Mr Hall asserts that “Neither race, religion, ethnicity nor sexual persuasion can be allowed to determine legally what is right or wrong in the eyes of the law. Any such deviation serves only to help destroy our democracy.” What’s that, again? Doesn’t that totally contradict the quote by Justice Oliver Wendell Holmes that Mr Hall himself cites, to wit: “The first requirement of a sound body of law is that it should correspond with the actual feelings and demands of the community, whether right or wrong.” In other words, Justice Holmes said that it is incumbent that people of all races, religions, ethnicities and sexual persuasions see to it that their unalienable rights, endowed by their creator, are protected and legal in the eyes of the law.
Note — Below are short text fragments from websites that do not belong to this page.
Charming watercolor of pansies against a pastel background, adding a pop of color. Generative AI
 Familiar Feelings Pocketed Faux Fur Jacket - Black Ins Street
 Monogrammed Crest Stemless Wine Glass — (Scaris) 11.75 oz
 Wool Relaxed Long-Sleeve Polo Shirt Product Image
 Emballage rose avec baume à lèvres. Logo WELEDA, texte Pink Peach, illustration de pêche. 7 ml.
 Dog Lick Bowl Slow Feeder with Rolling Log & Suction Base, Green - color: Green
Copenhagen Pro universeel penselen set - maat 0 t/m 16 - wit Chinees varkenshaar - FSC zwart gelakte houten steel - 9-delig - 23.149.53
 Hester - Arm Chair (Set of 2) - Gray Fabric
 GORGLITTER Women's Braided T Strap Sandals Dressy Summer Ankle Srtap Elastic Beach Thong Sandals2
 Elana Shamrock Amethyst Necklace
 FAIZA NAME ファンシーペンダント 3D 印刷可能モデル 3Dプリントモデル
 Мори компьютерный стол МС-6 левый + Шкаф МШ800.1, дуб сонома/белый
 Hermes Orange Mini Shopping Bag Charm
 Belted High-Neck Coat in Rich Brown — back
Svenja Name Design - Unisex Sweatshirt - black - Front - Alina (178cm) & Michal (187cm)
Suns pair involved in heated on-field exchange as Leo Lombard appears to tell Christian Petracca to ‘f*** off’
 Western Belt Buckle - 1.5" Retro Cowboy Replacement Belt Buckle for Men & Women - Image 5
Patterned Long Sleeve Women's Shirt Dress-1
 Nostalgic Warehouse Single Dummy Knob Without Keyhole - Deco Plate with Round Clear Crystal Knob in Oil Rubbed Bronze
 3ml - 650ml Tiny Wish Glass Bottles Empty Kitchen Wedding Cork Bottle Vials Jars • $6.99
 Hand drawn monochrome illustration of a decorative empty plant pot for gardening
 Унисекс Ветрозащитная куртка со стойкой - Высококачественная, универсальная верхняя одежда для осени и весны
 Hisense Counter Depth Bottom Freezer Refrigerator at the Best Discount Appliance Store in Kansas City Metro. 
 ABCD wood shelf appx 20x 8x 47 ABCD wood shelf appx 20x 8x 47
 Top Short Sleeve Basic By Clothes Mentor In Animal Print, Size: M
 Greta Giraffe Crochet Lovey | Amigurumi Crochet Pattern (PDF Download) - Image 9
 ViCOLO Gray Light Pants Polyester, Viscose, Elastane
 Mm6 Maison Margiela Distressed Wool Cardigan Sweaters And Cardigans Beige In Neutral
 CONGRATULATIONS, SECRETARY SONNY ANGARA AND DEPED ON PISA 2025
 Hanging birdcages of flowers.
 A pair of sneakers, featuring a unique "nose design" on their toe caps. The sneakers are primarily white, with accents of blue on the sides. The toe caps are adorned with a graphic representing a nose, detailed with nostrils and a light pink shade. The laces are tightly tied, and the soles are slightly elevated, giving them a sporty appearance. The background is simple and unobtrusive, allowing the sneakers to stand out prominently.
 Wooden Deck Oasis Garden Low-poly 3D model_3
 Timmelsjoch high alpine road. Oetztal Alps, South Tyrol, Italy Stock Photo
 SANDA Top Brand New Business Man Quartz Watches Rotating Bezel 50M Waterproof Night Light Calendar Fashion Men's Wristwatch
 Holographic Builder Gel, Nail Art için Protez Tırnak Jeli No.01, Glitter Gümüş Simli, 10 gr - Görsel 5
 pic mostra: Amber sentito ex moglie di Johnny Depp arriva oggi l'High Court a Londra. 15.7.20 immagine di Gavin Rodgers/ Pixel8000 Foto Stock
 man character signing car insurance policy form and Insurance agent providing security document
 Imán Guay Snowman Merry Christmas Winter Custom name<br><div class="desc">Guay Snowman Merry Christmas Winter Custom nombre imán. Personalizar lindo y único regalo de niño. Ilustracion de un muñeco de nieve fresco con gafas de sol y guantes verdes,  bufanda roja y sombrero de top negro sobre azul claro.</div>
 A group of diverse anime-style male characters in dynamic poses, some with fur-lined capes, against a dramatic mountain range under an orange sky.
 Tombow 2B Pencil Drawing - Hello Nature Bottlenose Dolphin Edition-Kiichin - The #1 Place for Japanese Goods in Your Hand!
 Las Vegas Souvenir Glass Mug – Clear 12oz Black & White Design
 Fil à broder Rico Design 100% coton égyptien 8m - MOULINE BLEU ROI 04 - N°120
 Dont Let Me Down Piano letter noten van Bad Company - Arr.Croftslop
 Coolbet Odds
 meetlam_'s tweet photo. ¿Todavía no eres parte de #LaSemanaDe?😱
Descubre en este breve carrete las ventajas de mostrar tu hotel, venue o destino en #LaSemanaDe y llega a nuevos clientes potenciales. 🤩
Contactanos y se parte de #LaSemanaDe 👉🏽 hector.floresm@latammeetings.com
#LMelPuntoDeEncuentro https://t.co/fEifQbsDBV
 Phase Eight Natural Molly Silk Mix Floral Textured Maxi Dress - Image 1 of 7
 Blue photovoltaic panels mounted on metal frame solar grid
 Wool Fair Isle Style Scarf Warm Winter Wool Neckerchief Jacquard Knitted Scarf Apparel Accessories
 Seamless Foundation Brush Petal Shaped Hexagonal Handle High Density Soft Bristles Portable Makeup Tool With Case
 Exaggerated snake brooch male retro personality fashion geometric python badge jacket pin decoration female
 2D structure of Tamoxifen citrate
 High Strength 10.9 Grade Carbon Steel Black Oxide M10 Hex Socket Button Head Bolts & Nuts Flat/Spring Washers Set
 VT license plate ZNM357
Finally, Mr Hall ponders what the civilized world must think of the United States in light of the grand jury decisions in Ferguson and Staten Island and their aftermath.
I’ll venture a guess. I think they are wondering what in the world is going on in this country. I think they wonder how it is that a community like Ferguson that is 85% black has a police force that is 94% white. I think they wonder why there is an epidemic of white police killing unarmed young black men around the country. I think they wonder why we are systematically dismantling our democracy by legalizing political bribery through the Citizen’s United ruling, gerrymandering congressional districts that now result in sham elections, and are actively working to suppress voter participation instead of encouraging it. I think they see a legislative branch that has gridlocked itself with vicious, uncompromising, zero-sum partisanship and wonder why. And now, mostly recently, I think they wonder why we have ceded all moral authority by having authorized torture.
Mr Hall frets that this country used to stand for the rule of law, was a place of reason and conciliation, and a country that emerging nations seek to emulate. I wonder why he can’t figure out why that isn’t the case anymore?
Steve Payne says
The prosecutor in this case has now admitted publicly that he knew some of the witnesses that he put up before the grand jury lied.
https://www.thesmokinggun.com/documents/unmasking-Ferguson-witness-40-496236
Ron Jordan says
As the new year is upon us, I wanted to thank James Nick for his very informative piece in relation to the fantasy of Mr. Fletcher Hall. May everyone have wonderful New Year and may Fletcher Hall wake up and joins us in this century.